▶ WHAT TO PRODUCE:
A line belongs in the answer only if it contains the word "Used"; copy every such line from the listing below.

▶ INPUT FOR THIS TASK:
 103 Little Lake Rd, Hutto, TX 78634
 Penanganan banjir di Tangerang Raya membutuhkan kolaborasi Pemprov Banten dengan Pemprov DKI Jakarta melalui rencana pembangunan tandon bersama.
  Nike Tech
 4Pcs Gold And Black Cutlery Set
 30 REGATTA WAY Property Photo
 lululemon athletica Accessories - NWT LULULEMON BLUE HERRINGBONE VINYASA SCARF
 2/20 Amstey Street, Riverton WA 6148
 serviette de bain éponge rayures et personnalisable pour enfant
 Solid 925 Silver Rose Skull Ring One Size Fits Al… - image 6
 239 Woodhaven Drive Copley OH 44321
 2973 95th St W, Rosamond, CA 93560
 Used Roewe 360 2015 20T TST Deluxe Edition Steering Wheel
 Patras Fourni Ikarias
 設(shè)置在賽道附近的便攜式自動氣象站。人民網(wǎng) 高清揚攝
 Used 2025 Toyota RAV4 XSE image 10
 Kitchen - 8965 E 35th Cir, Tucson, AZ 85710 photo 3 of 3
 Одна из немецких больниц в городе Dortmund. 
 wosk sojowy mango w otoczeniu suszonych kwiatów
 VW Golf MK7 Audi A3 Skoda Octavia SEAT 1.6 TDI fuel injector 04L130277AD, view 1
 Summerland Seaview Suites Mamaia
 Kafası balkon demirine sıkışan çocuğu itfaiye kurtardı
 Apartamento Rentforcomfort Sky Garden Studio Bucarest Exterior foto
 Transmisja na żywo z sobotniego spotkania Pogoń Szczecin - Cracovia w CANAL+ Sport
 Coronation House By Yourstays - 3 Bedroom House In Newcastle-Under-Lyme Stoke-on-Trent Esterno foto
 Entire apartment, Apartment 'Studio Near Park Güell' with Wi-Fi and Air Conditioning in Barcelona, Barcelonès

▶ TASK SOLUTION:
 Used Roewe 360 2015 20T TST Deluxe Edition Steering Wheel
 Used 2025 Toyota RAV4 XSE image 10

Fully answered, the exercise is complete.